Bereft of her father, Lauren (Lily Collins) is left in the unenviable position of smiling to a lawyer who siphons the family fortune to her brother. What her father has left her is an envelope, sealed with the promise that she can discuss the contents with no one else. Instructed by a video to search for her treasure, Lauren comes face to face with Morgan (Simon Pegg), a garrulous, gaunt prisoner trapped by her father’s hands.
This is Pegg’s creative acme as an actor. Past projects with Edgar Wright, namely Shaun of The Dead (2004) and The World’s End (2013), showcased a passion for horror, but this is a different beast still. Pegg, best known for his chirpily buoyant performances, is relishing the chance to play foe over friend. He’s almost unrecognisable in appearance, masked by a troubled, tousled hair-lines. Marking his prey with contemptible gaze, Morgan looks at Lauren, not with Hannibal Lecter’s arch adulation, but guttural, unkempt hatred. We’ve become accustomed to comedy actors switching to darker genres, but this is a bloodied, even shocking, transformation from Pegg.
More than that, he’s the ghoul that shakes Lauren’s family to their rancid core. Shackled to his chains, Morgan spits out the many times her father acted with the economy of murder over the economy of finance. Lauren’s mother (Connie Nielsen), remembers the prisoner as one who nearly brought ruin to her marriage, before a revelation, too shocking to include in print, brings Lauren to question her supposed heritage.

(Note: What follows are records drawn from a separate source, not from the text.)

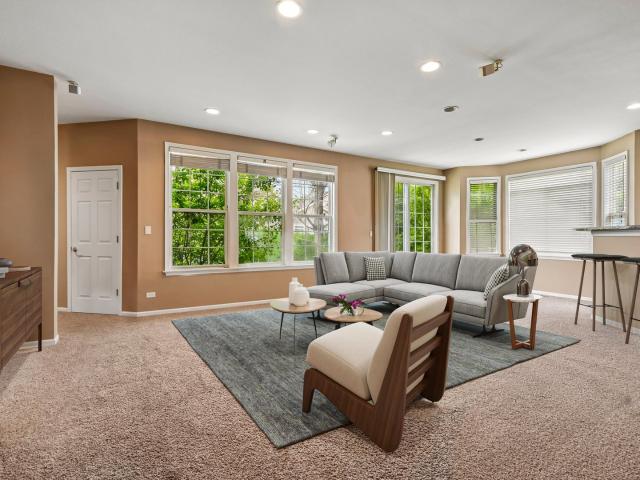House for sale in Buffalo Grove, Illinois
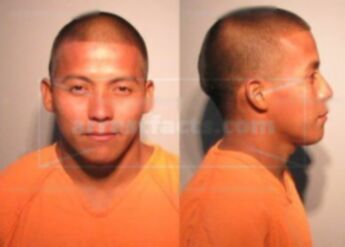 Alexander Noe Orellana-Hernandez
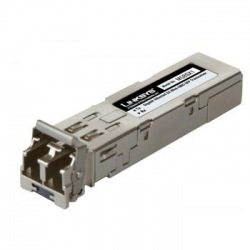 Модуль Cisco SB Gigabit Ethernet SX Mini-GBIC SFP Transceiver (MGBSX1)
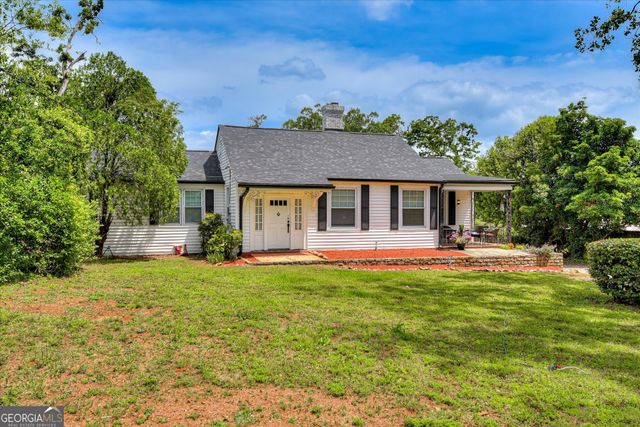 2327 Redwood Drive, Augusta, GA 30904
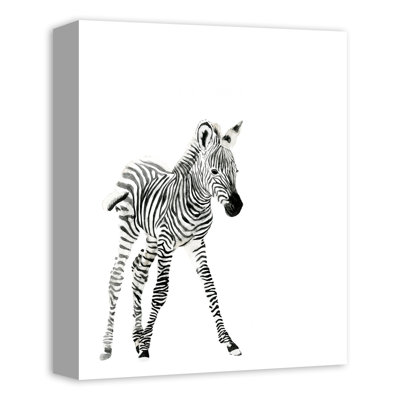 Reanna Animals Canvas Art
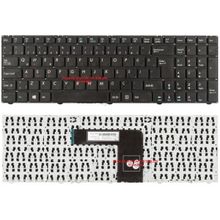 Casper Nirvana C300-3060-4L05E Siyah Klavye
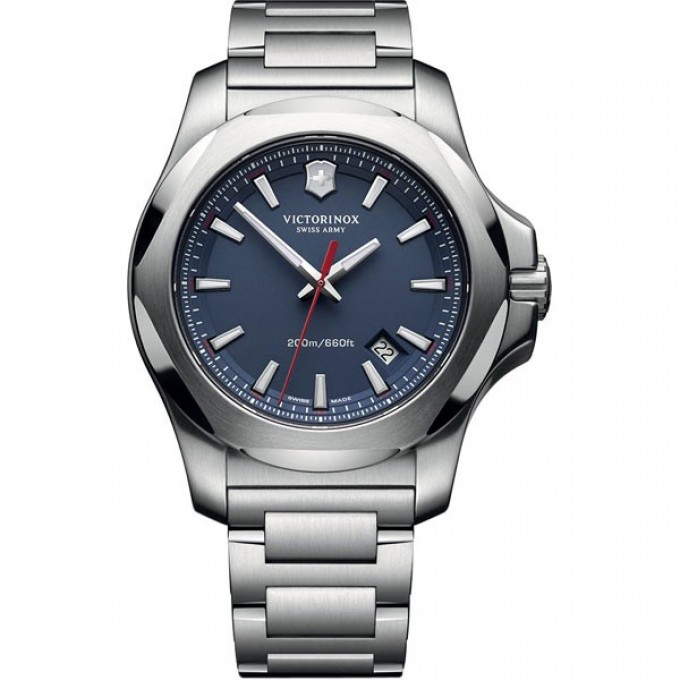 Наручные часы VICTORINOX I.N.O.X. 241724.1 Наручные часы VICTORINOX I.N.O.X. 241724.1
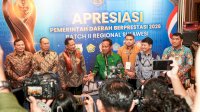 Gubernur Sulsel Tegaskan Insentif Fiskal dari Pusat untuk Kepentingan Masyarakat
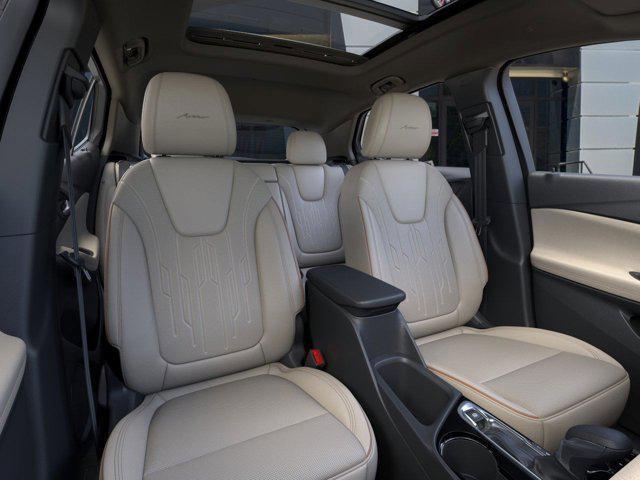 new 2026 Buick Encore GX car, priced at $38,775
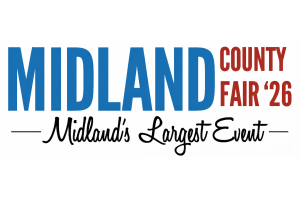 Midland County Fair 2026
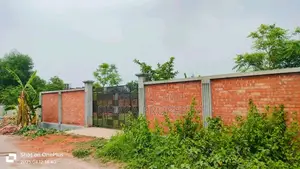Exclusive Land Sale 5 Katha North-Sec-17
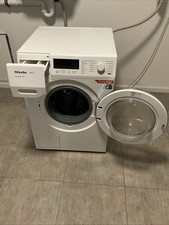 Verkaufe miele waschmaschine gebraucht kaufen  Neuenburg am Rhein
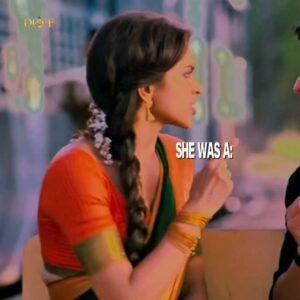 Chennai Express: How Shah Rukh Khan and Deepika Padukone Made the Rom-Com Memorable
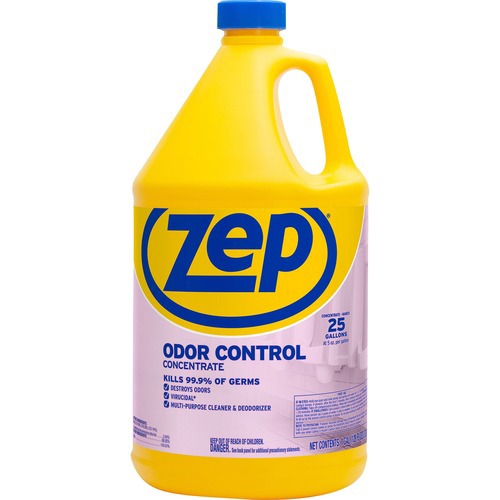DEODORIZER;CONCENTRATED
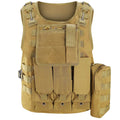 Tactical Military Vest by DailySale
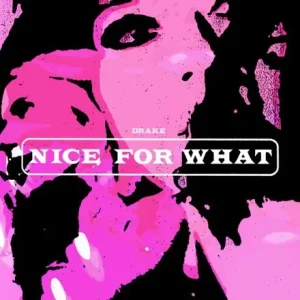 image of Drake Nice For What (Instrumental)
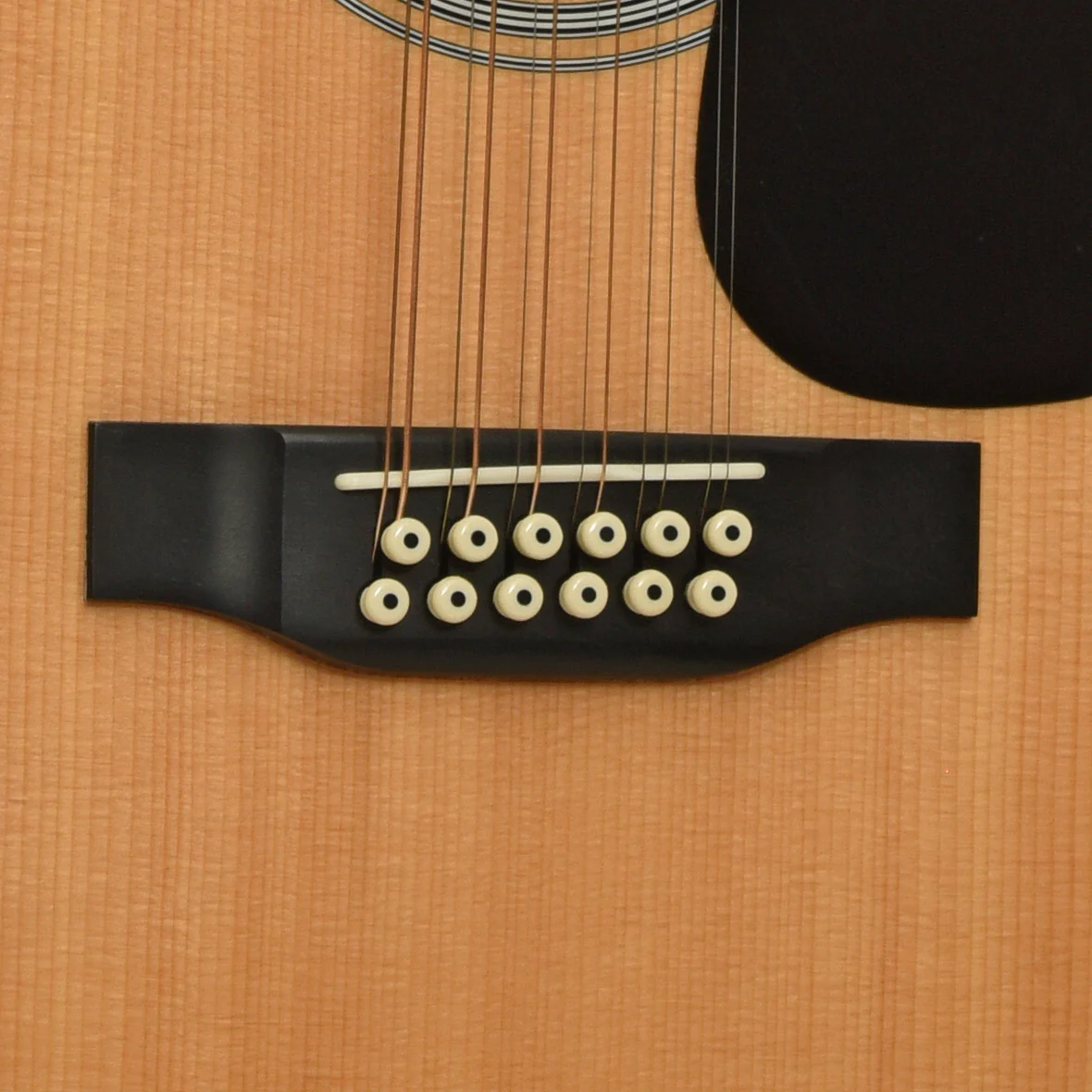 Martin D12-28 12-String Acoustic Guitar (2016) - Image 5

Beneath these trappings, Lauren finds herself growing more powerful in the wake of great evil. It probably wouldn’t pass the Bechdel test – any conversations between female characters concerns Lauren’s father or prisoner – but Collins provides a steely, even vital, performance from the proceedings. Marrying conversations to chess pieces, the film moves like a board game, though the rampant, rigid killings might upset certain audience members. Some of the violence levelled at Lauren is uncalled for, even in a horror movie.
Instead, the film calls to attention Pegg’s acting. Take, for instance, the scene in which he finds himself, for the first time in three decades, a free man. Dressed in silver, sartorial evening wear, Morgan breathes in the chilly, cracked evening sky. In it’s own artful way, the scene symbolises Pegg’s performance: it’s a breath of fresh air.
Inheritance is on DVD and Digital on Monday, July 6th.